Designer Storage Box Makeover With Free Printable Craft Room Labels

3 Materials
$10
1 Day
Easy

It’s impressive how a little paint and decoupage can create a designer look for this storage box makeover. I’ve had these cardboard Ikea TJENA storage containers for a while now. They are an inexpensive solution for organizing my craft supplies.

I’m in the process of updating the decor and organization in my craft room/home office. If you’d like to see how I built this Ikea office, you can read all about it  here.

I’m saving my budget for some other DIY projects and wanted to sneak through this home office update without spending much money. I was able to update all six bins for about $4, since I had many of the supplies on hand. Above is a picture of the bins before I started the process.

BEFORE WE BEGIN


This process is a little different from the traditional method of decoupage. Instead of using Modge Podge, I used a protective top coat (Polycrylic) and heat.


I think this process works best on flat surfaces. Before I started the project, I tested this on a wood board. I found that the finish was smoother on the board than it was on the cardboard lid. I think this was because I could apply more pressure to the board.

APPLY PAINT AND POLYCRYLIC TO THE LIDS


Using a brush, I painted the lids white (Behr Snowy Pine). I chose white because the napkin is very thin and the paint color will show through it. Let them dry.


Then, using an inexpensive foam applicator, I added two coats of Polycrylic to the lids. Allowing them to dry in between coats. The Polycrylic is the adhesive we will be using for the decoupage in the next step.

PAINT THE STORAGE BINS


Start out by painting the sides of the bin using Behr French Gray and a Purdy paint brush. I found it easiest to paint two sides and move on to the next bin. Then, by the time I reached the last bin, I started over at the beginning and painted the other two sides. Finally, I flipped them over and painted the bottom of the bins. One coat would have been sufficient, but I decided to do two coats for better coverage.


Alternatively, you could use a high density foam roller. You will need a paint pan or paper plate. Add the paint to the pan and roll it on. This will give you a really smooth finish. I just enjoy using a paint brush.

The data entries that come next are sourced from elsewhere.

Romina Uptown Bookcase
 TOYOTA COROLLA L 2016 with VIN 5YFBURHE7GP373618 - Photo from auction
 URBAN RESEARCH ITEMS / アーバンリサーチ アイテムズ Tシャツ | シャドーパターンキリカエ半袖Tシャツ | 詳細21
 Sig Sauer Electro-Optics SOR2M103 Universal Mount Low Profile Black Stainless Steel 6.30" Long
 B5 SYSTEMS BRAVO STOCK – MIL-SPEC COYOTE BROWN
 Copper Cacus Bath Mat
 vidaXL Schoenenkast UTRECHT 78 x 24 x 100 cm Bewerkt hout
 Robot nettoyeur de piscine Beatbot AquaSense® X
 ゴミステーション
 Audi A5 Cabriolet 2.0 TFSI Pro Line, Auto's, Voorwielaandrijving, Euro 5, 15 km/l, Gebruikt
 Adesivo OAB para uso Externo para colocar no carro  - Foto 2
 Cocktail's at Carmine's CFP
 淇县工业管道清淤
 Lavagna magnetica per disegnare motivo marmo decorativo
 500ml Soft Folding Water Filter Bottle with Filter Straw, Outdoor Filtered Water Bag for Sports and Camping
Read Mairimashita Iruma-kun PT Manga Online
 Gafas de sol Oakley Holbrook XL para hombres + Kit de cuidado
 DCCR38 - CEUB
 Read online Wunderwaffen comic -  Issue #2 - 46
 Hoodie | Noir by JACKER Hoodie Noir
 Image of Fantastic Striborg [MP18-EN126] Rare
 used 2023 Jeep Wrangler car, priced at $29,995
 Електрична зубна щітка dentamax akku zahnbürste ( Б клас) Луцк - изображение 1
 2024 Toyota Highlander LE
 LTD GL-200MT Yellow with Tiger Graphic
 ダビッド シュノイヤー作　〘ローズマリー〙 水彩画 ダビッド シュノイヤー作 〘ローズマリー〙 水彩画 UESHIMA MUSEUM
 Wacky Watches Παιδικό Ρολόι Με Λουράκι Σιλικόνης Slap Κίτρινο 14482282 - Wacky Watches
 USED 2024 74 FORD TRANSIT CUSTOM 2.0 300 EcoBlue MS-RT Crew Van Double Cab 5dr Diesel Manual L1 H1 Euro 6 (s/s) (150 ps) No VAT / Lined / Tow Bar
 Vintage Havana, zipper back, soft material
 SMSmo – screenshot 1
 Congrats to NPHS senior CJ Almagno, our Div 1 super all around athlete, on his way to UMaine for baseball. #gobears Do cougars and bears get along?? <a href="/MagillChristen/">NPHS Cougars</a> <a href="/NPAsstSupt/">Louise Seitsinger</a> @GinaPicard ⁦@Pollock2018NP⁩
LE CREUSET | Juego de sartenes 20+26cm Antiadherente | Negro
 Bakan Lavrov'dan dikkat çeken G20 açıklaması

SEPARATE AND IRON THE NAPKINS


Usually the napkins are three-ply. Meaning you need to separate the layers before you begin the decoupage process.

Unfold the napkin, starting at one corner, begin to separate the layers. Repeat this process for the number of lids you have.


Once they are separated, take the decorative layer and iron it. I covered it with parchment paper and pressed it with my easy press at 290 degrees. I moved it around until most of the creases were gone.

DECOUPAGE WITH HEAT

To support the lid, I placed a pine board under it covered in parchment paper.

Then I placed my napkin on top of the lid and covered it with parchment paper. Be sure your Cricut Easy Press or iron are preheated. Then press the napkin to the lid for 10 seconds and move to the next section. Take care not to hold it in one place for too long or you can scorch the napkin and make it yellow.

Once the face side of the lid was done, I moved on to the edges of the lid. I placed the lid on its edge. Supporting the weight of the Easy Press, I gently held it to the edge of the lid for 10 seconds and repeated until the entire perimeter was finished.


Cut off any excess napkin with a pair of scissors or kraft knife. And your lid should look like the image below.

COVER THE PRESSED NAPKIN WITH A PROTECTIVE TOP COAT


At this stage, you need to place another coat of Polycrylic over the napkin to seal and protect it. Using your foam applicator, place an even coat of Polycrylic over the surface of your napkin and let it dry.


Please note: The napkin will bubble and leave some texture when you apply the top coat. If you get any large air bubbles, insert a pin to release the air bubble and then press the spot down with your foam applicator. Also, do not apply too much pressure with the applicator or you can tear the napkin while it’s wet.

When the top coat is dry, press it one last time with you Easy Press or iron. This will flatten it out a little more.

I included this closeup picture of the lid to show you the texture. I love the texture. It has a handmade paper feel to me. But, I know some of you may be looking for an ultra smooth finish and I wanted you to see that is not how it turns out. Honestly, I’ve never been able to get the traditional method of decoupage smooth either. If you have a special tip for this, let us all know in the comments.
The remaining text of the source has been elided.